Rayment acknowledged this as a key barrier to lawyers adopting the technology, noting that these skills are not traditionally taught in legal education.
“Prompt engineering was not taught in any university. There’s not a single person who has graduated from university before 2023 who would know anything about it, unless you’re in a computer science field, a highly specialised field,” he said.
As a result of this reality, he expressed that expecting an entire legal workforce to rapidly acquire these skills and learn how to utilise the technology is, for now, not a reasonable expectation.
“So, to all of a sudden expect an entire workforce to adopt a new series of technologies and be forced to learn how to work in these particular tools, we think is not all that reasonable,” he said.
So how do firms safely deploy AI?
While many practitioners remain focused on workflow integration and output reliability, AI’s deployment in legal settings raises significant privacy and regulatory concerns, forcing firms to proceed cautiously as they grapple with how to implement the technology safely.
Rayment offered a stark warning in this area, urging firms to exercise extreme caution when using commercially available AI tools with client data, referencing ongoing legal action brought by The New York Times against OpenAI and Microsoft.
“The good rule of thumb is stay the heck away from the commercially available tools if you’re going to use client data in your AI practices,” he said.
“There’s a New York Times lawsuit against OpenAI and Microsoft, where, supposedly, private conversations that were advised as being subject to being deleted are currently being held by court order and segregated and for the purposes of the Times, reviewing if any of those particular conversations might have breached their copyright facilities.
“So, first of all, be aware of where your data is being located.”
He also stressed that firms must strictly adhere to internal policies governing the use of AI systems and conduct thorough due diligence when selecting AI providers.
“Secondly, if you’ve got a firm with various different policies on what systems can be used, adhere to those policies.
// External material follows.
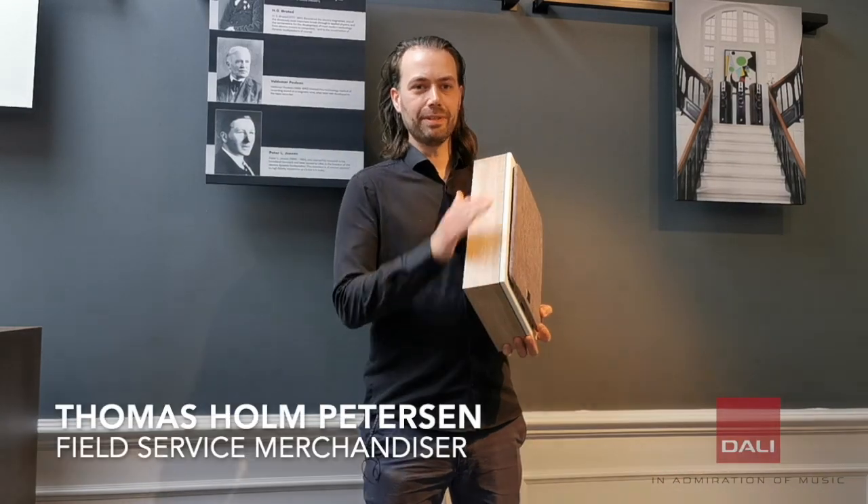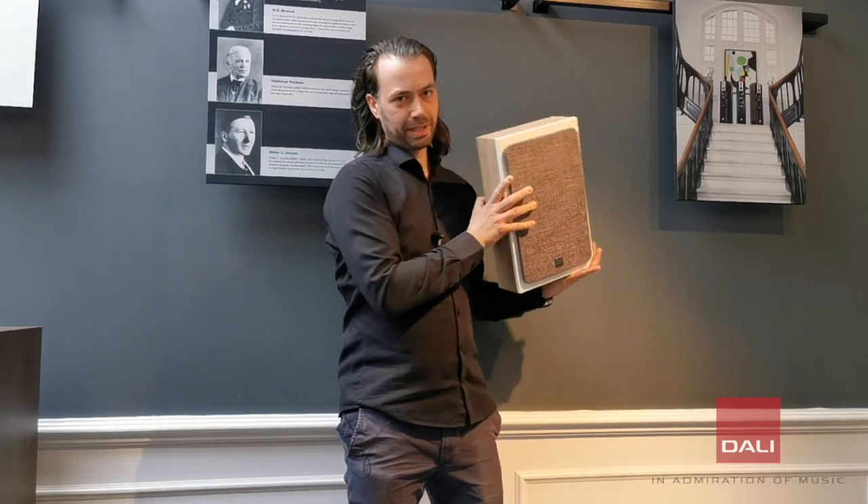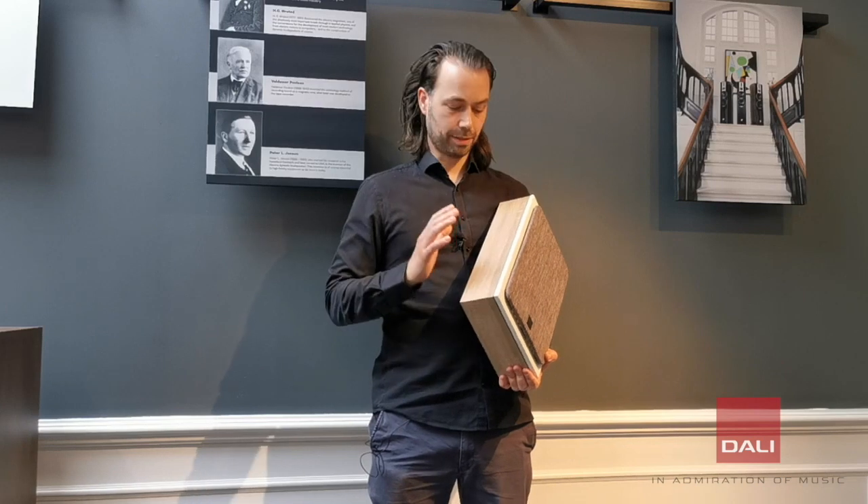The on-wall cabinet is designed to be very slim and to be mounted on the wall. Wall mounting gives us an advantage when designing the speakers because we can optimize the speaker 100% to that setting alone.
If you’re in the position of setting those policies for firms, work with your trusted providers,” he said.
“There are a few of them here in Australia that guarantee that the data will not be used to train models, that it will not be shared with third parties, and that it can be accessed securely and safely from behind your firm’s firewall.”
With the deployment of AI in litigation increasingly shaped by an evolving regulatory landscape and courts establishing clear boundaries around its use, Rayment stressed the importance of being fully aware of these requirements and constraints.
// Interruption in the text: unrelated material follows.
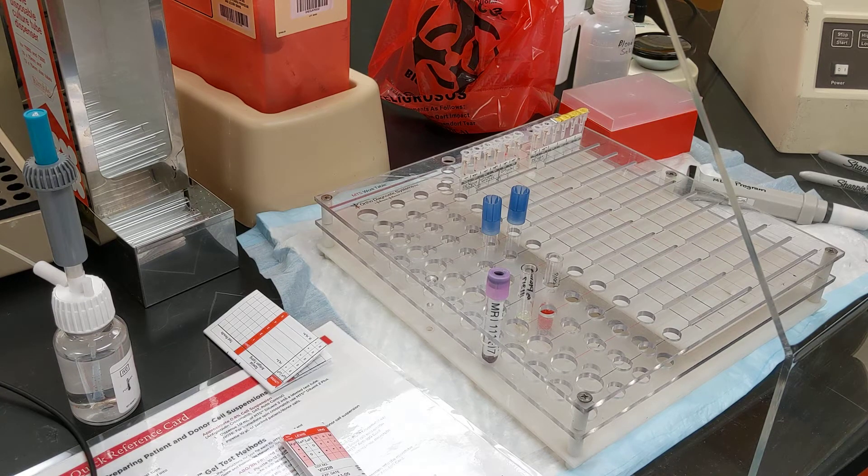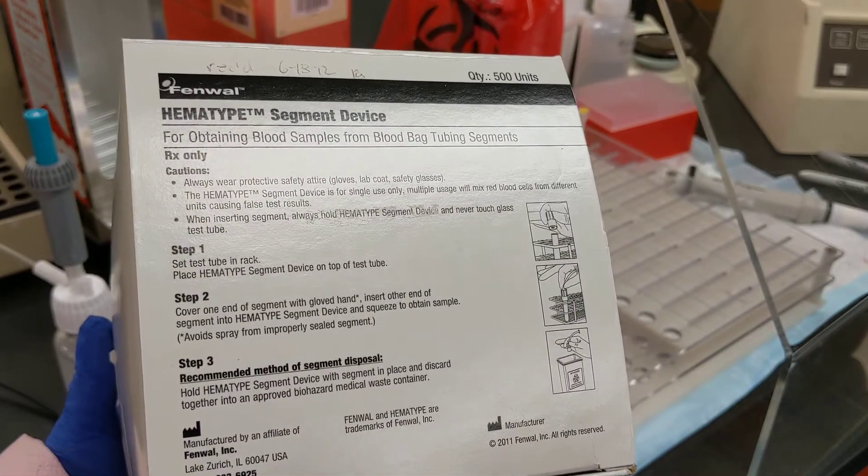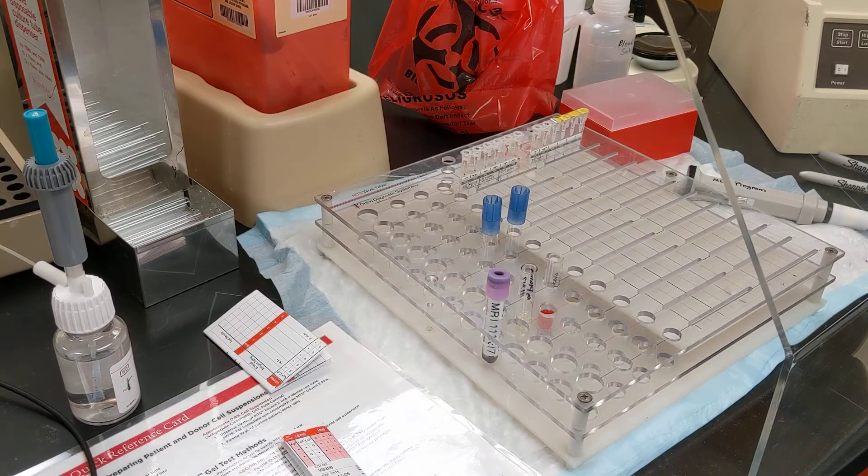Welcome to the Akron Cooperative Medical Laboratory Science Programs video series for Blood Bank. Now we're going to talk about how to use the hemotype segment piercing device, which is the blue thing that's sitting on top of the tubes in the rack.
“There’s the privacy and security aspect to it, but there’s also a regulatory aspect to it. There are practice notes that specifically apply in NSW, which I believe are very sensible. It’s absolutely the court’s right and responsibility, and they’ve taken this responsibility very seriously to impose limitations on how AI can and should be used,” he said.
“It’s every legal professional’s obligation to be aware of those constraints, up to and including not using this for the generation of affidavits, for not using this in the construction, for understanding where it’s been used in the construction of expert reports, and absolutely when it comes to checking your citations that you’re using, if you’re using AI to help you assist in research.”